ECLI:NL:RBDHA:2024:5018
Rechtbank Den Haag
- Eerste aanleg - enkelvoudig
- Rechtspraak.nl
Afwijzing asielaanvraag van Russische eiser met betrekking tot verblijfsvergunning en nationaliteit
In deze uitspraak van de Rechtbank Den Haag op 10 april 2024, wordt het beroep van een Russische eiser tegen de afwijzing van zijn asielaanvraag beoordeeld. De eiser, geboren in 1982, heeft op 17 juni 2021 een aanvraag ingediend voor een verblijfsvergunning asiel, welke door de staatssecretaris op 27 oktober 2023 als kennelijk ongegrond is afgewezen. De rechtbank heeft het beroep op 2 februari 2024 behandeld, waarbij zowel de gemachtigde van de staatssecretaris als de eiser aanwezig waren.
De rechtbank concludeert dat de staatssecretaris de identiteit en herkomst van de eiser geloofwaardig acht, maar de problemen in Rusland en de vrees voor militaire dienstplicht niet. De eiser heeft aangevoerd dat hij in Rusland is bedreigd door de politie en de FSB na getuige te zijn geweest van een moord, en dat hij ondergedoken is en gevlucht. De staatssecretaris oordeelt echter dat de eiser ook de Georgische nationaliteit heeft en dat Georgië een veilig land van herkomst is, waardoor hij niet in aanmerking komt voor asiel.
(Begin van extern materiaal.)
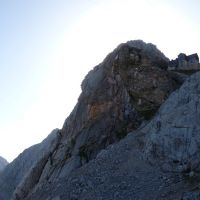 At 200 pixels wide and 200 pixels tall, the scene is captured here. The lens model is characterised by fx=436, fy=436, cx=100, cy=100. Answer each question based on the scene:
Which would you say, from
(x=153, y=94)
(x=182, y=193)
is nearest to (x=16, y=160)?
(x=153, y=94)

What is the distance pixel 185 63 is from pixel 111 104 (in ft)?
43.3

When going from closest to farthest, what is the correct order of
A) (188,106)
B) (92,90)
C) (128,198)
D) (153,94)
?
(128,198), (188,106), (153,94), (92,90)

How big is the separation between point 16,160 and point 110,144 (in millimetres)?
64745

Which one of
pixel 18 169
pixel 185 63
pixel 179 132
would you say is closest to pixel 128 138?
pixel 179 132

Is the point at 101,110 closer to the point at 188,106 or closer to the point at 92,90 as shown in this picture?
the point at 92,90

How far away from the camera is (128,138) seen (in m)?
43.4

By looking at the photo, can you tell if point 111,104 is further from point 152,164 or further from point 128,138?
point 152,164

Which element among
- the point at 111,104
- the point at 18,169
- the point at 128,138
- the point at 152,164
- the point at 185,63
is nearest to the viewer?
the point at 152,164

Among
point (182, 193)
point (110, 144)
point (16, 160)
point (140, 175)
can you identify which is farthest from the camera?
point (16, 160)

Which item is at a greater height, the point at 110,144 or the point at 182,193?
the point at 110,144

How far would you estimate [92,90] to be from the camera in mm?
54781

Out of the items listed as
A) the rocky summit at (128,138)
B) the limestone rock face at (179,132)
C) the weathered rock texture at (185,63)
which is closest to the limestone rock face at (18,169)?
the rocky summit at (128,138)

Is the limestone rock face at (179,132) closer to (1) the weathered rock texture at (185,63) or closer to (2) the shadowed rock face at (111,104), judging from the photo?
(2) the shadowed rock face at (111,104)

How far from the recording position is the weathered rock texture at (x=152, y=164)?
112 feet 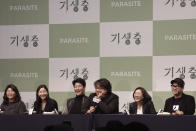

De rechtbank oordeelt dat de staatssecretaris voldoende rekening heeft gehouden met de medische problematiek van de eiser en dat de eiser niet aannemelijk heeft gemaakt dat hij geen Georgische nationaliteit meer heeft. De rechtbank wijst ook de stelling van de eiser af dat hij vanwege zijn drugsverslaving en de risico's van militaire dienst niet kan terugkeren naar Rusland. Uiteindelijk verklaart de rechtbank het beroep ongegrond, wat betekent dat de afwijzing van de asielaanvraag in stand blijft.